BF £1253 (Without 10% discount) Return

Both with cabins for 4 people, 2 adults, 2 children (16 & 14)

I am I missing something?

Thanks

Chris


----------



## teemyob

cje101 said:


> TM,
> 
> Thanks for the response, we are planning on departing on or around the 9th August to Santander and returning on or around the 30th August.
> 
> Prices i have got to date;-
> 
> LD Lines £560 Return
> 
> BF £1253 (Without 10% discount) Return
> 
> Both with cabins for 4 people, 2 adults, 2 children (16 & 14)
> 
> I am I missing something?
> 
> Thanks
> 
> Chris


What size motorhome are you inputting?

August is busy for BF and they were probably getting bookings from November last year. Mainly from Members and regular users. So the ship will be fairly full and as you know pricing works on supply and demand.

Maybe when/if the LD lines gets full, prices could rise. Will left to be seen how they work their pricing structure.
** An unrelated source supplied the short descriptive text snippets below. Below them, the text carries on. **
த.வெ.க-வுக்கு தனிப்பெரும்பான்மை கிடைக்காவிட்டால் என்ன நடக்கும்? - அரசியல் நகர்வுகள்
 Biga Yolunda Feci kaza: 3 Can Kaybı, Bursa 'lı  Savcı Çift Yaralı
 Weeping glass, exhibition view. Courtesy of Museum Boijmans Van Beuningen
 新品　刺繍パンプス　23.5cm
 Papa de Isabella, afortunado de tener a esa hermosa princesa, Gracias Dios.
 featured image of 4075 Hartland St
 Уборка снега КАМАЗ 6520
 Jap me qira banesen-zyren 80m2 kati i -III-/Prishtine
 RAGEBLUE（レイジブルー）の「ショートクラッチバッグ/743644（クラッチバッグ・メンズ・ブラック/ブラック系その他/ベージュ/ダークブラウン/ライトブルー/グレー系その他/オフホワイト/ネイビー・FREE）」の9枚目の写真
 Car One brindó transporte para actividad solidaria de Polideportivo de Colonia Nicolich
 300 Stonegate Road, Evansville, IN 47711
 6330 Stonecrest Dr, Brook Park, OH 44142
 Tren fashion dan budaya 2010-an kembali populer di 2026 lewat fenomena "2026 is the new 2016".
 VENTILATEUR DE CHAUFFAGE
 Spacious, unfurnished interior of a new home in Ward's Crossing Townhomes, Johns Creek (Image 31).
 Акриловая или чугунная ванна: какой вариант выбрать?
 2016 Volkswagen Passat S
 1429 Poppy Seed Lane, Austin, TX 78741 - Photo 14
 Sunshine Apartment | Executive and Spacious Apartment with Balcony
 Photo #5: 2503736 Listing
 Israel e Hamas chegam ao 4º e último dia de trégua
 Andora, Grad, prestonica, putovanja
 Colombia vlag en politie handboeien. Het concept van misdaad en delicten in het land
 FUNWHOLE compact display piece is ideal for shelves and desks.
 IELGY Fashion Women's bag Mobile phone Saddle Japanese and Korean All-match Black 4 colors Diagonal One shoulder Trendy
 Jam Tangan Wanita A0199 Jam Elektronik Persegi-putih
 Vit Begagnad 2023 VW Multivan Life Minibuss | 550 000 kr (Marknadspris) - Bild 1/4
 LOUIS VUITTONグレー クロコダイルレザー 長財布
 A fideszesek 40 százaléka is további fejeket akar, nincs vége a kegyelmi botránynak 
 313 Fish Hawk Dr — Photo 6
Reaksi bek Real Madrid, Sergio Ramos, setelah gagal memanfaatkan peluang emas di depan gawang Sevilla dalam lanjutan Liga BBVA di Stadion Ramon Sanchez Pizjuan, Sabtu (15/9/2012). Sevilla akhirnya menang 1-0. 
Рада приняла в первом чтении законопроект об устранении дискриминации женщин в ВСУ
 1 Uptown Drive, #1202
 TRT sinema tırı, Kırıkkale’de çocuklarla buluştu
See my note re the ships sailing routes on the Gijon thread.

TM


----------



## Ian_n_Suzy

Hi,

I am with cje on this one.

I have a ferry booked with BF (School Holidays time), and with BF one way is costing me about the same as a return fare with LD Lines.

I just hope LD hurry up and sort the DEFRA thing out as I have been advised they are in the process of doing. Because I will cancel the BF booking in a flash, as we currently couldn't stretch the budget (or stomach it) to use return travel with BF but could with LD.


----------



## cje101

TM.

Measurements = 3M High x 6M Length


----------



## teemyob

How do you go on with LD Lines if you need to cancel.

Brittany Ferries take a £25 (soon to rise to £35 I think) deposit and allow you to cancel or amend up-to 45 days before.

If you can't make the crossing, you can amend 6-45 days for a very small fee.

Past 6 days is 100%

TM


----------



## blondel

teemyob said:


> How do you go on with LD Lines if you need to cancel.
> 
> Brittany Ferries take a £25 (soon to rise to £35 I think) deposit and allow you to cancel or amend up-to 45 days before.
> 
> If you can't make the crossing, you can amend 6-45 days for a very small fee.
> 
> Past 6 days is 100%
> 
> TM


It's £35 now


----------



## Mrplodd

Looks like they are only quoting up to the end of August 2014 at the moment (I have tried September but the web page says nothing found) 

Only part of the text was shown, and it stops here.